• _Exercise prompt_
Extract each line of the material that follows exactly and omit its pictures.

• _Record excerpts_

++++++++++

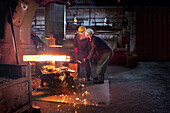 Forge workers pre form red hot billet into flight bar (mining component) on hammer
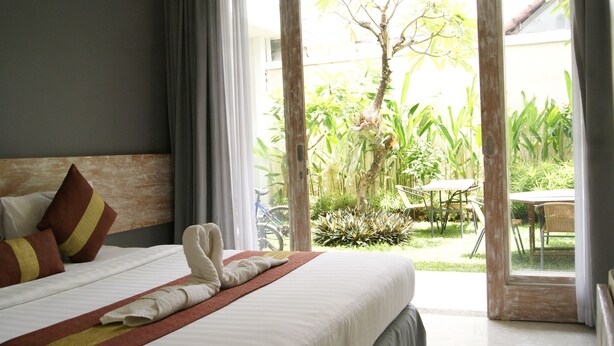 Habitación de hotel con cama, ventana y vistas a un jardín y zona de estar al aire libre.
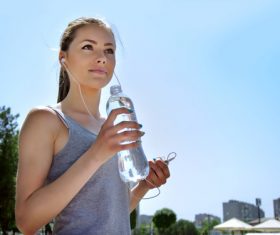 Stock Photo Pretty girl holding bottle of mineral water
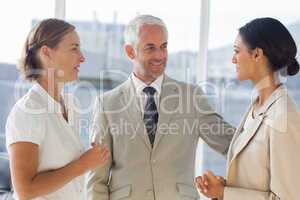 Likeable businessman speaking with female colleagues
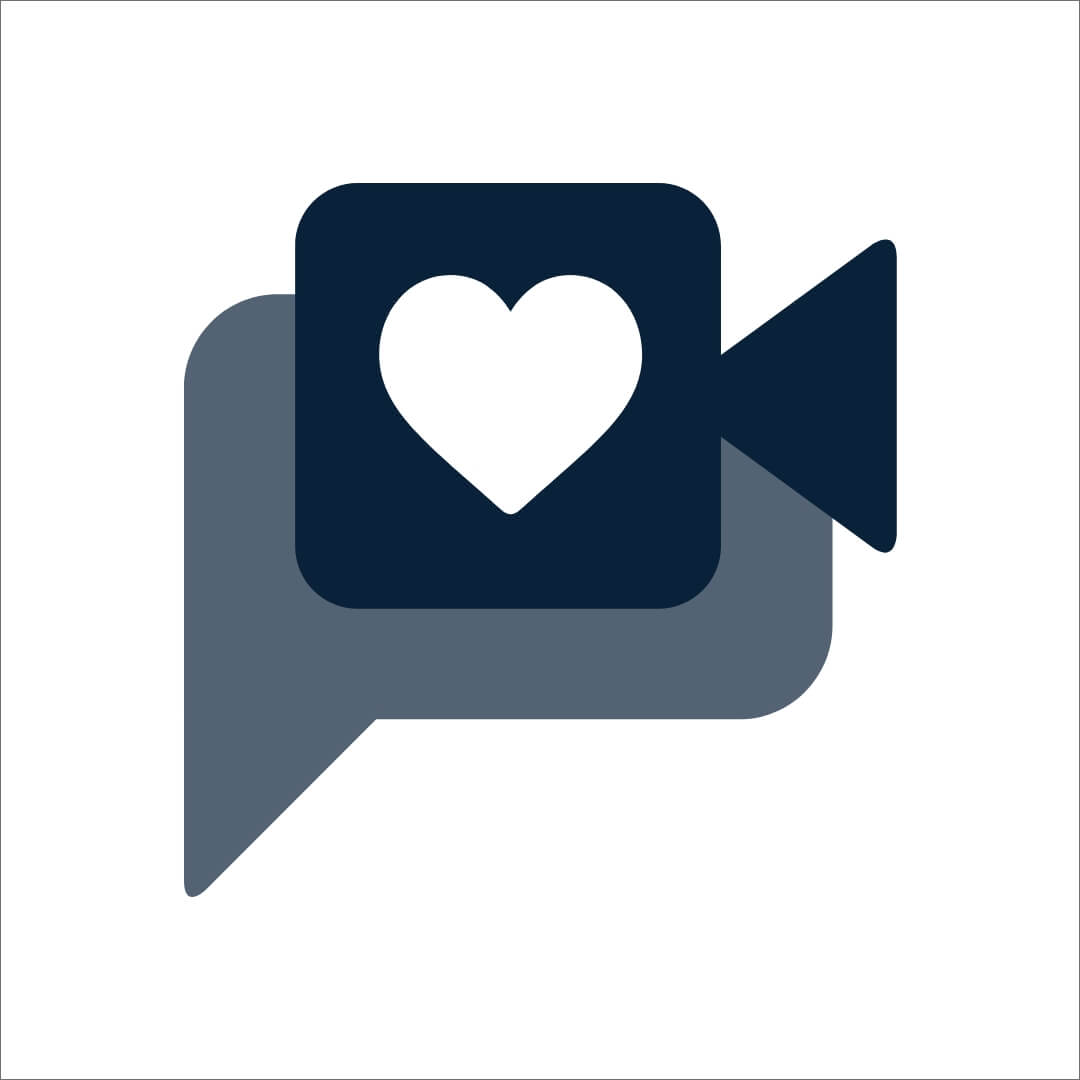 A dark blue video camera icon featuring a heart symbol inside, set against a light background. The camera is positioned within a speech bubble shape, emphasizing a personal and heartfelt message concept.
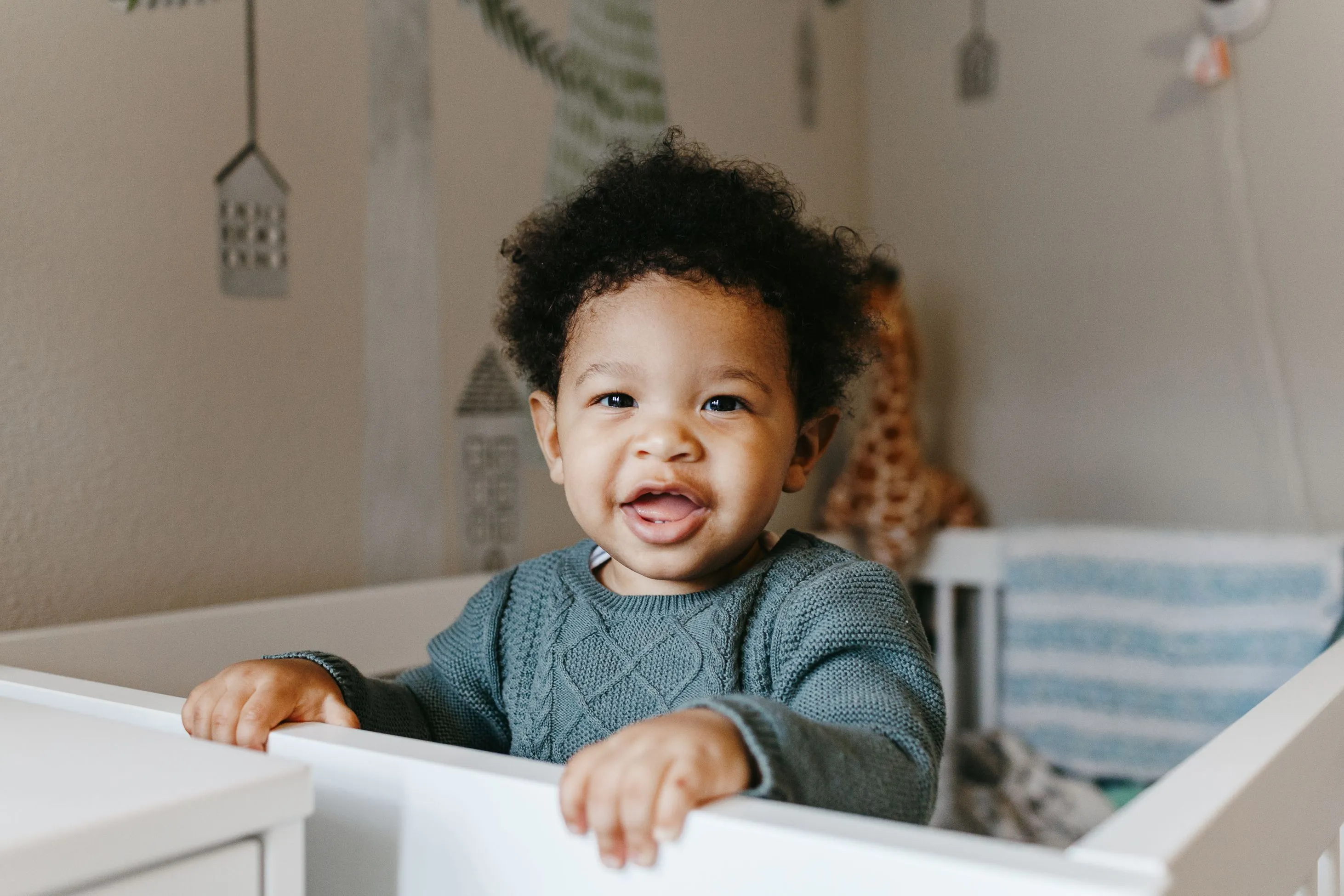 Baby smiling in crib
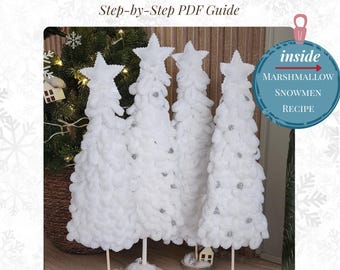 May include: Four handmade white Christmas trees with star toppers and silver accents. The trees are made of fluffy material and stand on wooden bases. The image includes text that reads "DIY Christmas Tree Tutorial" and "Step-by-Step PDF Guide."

++++++++++

• _Final answer_
 Forge workers pre form red hot billet into flight bar (mining component) on hammer
 Habitación de hotel con cama, ventana y vistas a un jardín y zona de estar al aire libre.
 Stock Photo Pretty girl holding bottle of mineral water
 Likeable businessman speaking with female colleagues
 A dark blue video camera icon featuring a heart symbol inside, set against a light background. The camera is positioned within a speech bubble shape, emphasizing a personal and heartfelt message concept.
 Baby smiling in crib
 May include: Four handmade white Christmas trees with star toppers and silver accents. The trees are made of fluffy material and stand on wooden bases. The image includes text that reads "DIY Christmas Tree Tutorial" and "Step-by-Step PDF Guide."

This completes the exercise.